Exercise prompt: Go through the data below and count every line that has the word "cabinets". Return only the count.

Input records:
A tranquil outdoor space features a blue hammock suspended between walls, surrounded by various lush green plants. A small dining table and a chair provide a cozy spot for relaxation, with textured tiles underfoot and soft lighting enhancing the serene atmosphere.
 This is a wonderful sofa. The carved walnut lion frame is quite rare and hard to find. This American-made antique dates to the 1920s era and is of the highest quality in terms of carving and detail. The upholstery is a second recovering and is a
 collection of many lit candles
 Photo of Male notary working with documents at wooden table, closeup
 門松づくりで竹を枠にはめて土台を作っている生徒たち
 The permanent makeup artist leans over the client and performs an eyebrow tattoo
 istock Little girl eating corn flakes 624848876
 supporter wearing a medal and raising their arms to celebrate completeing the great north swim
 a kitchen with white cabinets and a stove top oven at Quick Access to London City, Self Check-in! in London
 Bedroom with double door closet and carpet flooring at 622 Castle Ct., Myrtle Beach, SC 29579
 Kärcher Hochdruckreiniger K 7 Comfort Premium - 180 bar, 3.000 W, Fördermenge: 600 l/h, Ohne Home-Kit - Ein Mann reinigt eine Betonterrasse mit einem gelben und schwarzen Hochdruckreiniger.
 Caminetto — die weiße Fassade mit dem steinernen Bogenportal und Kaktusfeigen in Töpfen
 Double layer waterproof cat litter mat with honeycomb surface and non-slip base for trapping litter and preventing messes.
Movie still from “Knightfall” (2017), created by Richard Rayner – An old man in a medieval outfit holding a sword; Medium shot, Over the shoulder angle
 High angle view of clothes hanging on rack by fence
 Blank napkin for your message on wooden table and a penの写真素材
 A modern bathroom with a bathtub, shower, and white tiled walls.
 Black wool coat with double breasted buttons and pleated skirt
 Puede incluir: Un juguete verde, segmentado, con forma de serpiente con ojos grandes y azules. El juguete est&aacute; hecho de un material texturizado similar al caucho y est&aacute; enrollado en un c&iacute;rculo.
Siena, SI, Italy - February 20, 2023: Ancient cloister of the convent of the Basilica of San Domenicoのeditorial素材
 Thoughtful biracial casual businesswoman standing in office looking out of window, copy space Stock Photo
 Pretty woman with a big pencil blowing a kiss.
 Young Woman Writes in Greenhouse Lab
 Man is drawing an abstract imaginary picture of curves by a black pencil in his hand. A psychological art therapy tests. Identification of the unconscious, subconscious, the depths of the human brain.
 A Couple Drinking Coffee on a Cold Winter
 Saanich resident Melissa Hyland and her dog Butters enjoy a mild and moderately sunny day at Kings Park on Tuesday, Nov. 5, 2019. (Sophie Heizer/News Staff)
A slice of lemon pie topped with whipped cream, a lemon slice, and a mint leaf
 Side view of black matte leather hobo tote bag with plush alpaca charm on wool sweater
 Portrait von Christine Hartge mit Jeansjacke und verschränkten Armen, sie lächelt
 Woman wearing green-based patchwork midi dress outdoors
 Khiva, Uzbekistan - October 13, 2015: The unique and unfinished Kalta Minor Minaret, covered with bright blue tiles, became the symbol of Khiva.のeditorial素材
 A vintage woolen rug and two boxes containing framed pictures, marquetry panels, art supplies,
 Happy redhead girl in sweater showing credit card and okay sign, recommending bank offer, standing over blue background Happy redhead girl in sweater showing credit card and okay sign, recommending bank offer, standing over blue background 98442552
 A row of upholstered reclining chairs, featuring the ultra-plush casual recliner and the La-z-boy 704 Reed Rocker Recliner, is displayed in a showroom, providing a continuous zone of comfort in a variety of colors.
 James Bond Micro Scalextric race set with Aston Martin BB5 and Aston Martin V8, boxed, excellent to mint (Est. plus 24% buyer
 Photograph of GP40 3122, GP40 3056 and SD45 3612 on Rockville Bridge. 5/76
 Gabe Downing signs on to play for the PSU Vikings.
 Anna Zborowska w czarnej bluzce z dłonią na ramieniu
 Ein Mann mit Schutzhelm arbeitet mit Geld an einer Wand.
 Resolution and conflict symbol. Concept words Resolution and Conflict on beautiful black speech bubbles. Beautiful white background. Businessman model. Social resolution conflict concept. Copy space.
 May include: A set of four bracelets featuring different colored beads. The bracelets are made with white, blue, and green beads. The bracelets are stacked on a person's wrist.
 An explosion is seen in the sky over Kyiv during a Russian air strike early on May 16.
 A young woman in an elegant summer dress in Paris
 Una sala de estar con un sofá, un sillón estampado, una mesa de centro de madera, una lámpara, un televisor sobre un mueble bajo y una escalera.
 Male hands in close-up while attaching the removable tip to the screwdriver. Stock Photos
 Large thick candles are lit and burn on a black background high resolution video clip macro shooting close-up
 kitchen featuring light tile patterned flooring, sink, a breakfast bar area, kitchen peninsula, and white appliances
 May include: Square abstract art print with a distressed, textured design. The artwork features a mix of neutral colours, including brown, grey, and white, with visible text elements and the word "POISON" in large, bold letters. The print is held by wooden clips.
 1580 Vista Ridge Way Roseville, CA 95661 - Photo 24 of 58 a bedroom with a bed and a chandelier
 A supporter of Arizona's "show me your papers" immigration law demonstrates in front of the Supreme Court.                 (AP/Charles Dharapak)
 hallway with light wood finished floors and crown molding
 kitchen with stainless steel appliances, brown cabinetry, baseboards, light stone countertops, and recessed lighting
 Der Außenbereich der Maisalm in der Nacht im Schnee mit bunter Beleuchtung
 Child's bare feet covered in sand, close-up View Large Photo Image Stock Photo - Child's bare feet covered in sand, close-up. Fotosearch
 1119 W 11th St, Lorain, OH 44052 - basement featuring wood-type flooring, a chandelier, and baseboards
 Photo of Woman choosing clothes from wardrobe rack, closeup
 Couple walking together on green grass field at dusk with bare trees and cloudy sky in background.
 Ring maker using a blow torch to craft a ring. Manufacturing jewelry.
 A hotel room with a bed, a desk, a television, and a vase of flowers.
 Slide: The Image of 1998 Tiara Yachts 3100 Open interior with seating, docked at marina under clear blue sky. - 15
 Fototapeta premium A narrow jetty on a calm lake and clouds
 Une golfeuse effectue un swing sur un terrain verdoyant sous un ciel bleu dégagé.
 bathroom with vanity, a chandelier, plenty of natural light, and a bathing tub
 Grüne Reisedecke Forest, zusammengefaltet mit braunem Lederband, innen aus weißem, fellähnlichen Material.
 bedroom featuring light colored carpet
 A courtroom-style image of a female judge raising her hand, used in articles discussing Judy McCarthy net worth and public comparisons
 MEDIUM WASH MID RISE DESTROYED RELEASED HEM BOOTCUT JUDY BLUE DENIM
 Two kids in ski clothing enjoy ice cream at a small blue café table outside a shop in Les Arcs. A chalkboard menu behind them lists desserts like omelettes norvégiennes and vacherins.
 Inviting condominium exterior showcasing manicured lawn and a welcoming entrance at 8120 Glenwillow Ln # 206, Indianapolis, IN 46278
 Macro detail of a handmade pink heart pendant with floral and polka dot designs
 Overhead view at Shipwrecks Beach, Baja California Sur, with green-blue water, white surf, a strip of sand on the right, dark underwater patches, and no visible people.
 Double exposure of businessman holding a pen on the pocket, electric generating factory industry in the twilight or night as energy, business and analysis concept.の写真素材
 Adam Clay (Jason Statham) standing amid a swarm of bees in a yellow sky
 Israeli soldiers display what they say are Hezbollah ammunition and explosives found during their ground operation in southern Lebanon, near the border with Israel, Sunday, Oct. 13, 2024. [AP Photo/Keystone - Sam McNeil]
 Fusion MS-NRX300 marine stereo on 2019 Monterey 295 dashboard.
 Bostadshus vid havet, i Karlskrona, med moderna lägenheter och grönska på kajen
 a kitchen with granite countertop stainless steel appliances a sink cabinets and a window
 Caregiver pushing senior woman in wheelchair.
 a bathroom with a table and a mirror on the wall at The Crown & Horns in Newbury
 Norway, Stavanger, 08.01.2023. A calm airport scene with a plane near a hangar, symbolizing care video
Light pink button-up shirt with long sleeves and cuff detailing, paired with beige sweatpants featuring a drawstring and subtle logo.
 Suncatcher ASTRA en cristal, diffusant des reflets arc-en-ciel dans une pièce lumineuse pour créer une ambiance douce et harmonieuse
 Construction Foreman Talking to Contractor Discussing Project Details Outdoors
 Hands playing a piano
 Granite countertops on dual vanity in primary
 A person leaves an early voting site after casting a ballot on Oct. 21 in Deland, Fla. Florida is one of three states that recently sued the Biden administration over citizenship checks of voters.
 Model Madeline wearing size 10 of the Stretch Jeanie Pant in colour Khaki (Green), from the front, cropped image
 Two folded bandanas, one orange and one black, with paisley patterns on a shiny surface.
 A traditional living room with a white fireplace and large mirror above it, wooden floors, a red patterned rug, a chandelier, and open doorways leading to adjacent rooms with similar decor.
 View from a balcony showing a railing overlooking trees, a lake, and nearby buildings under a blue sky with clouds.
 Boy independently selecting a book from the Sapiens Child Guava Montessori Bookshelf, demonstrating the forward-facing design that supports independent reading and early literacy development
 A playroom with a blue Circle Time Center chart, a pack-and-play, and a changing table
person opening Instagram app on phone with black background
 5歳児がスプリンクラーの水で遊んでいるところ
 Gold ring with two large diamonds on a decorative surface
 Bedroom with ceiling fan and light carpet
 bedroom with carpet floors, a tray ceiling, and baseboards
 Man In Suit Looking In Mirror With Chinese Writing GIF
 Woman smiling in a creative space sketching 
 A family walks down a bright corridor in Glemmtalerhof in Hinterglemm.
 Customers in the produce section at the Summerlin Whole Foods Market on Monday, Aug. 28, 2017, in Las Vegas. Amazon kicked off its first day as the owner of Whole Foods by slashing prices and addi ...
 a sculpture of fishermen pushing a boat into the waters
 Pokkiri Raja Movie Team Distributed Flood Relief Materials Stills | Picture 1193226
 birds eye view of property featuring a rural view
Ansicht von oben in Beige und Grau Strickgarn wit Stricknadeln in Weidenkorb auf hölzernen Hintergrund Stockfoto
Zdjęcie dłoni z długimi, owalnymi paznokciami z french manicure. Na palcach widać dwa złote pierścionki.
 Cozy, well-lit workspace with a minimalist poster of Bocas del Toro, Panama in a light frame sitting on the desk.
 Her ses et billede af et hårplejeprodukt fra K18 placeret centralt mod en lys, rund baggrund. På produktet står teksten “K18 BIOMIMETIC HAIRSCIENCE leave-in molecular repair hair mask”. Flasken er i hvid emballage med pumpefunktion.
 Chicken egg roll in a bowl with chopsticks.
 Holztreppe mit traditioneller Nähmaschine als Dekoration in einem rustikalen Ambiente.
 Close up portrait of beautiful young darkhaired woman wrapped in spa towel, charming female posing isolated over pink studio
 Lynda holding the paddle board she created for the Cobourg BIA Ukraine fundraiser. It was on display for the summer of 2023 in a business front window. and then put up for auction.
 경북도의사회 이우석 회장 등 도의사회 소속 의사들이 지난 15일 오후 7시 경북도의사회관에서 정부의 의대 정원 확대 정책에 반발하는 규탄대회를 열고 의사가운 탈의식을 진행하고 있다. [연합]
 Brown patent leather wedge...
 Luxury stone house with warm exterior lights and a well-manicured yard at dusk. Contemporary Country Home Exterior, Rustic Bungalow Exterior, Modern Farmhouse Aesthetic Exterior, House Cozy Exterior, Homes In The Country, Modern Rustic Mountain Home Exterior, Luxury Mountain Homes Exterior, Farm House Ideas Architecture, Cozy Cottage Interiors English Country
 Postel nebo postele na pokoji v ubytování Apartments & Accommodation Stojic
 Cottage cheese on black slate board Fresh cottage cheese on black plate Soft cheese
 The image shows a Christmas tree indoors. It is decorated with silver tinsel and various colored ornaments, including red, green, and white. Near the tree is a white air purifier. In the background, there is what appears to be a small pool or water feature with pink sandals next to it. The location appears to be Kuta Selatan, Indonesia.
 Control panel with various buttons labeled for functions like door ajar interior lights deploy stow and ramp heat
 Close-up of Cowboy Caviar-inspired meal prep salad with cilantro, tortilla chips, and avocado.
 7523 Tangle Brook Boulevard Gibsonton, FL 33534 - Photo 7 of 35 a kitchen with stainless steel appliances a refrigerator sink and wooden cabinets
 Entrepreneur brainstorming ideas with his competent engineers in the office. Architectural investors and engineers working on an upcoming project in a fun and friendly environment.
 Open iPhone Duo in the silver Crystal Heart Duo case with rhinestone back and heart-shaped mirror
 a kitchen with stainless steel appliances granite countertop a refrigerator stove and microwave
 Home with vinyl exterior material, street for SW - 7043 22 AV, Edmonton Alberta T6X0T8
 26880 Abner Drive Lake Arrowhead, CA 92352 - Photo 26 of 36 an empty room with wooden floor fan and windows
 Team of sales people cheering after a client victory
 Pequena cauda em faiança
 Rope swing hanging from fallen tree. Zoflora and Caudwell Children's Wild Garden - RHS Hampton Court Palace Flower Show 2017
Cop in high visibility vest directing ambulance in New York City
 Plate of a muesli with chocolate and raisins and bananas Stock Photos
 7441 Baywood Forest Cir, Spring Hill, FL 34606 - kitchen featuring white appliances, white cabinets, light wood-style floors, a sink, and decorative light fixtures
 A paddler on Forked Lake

Solution for this problem: 4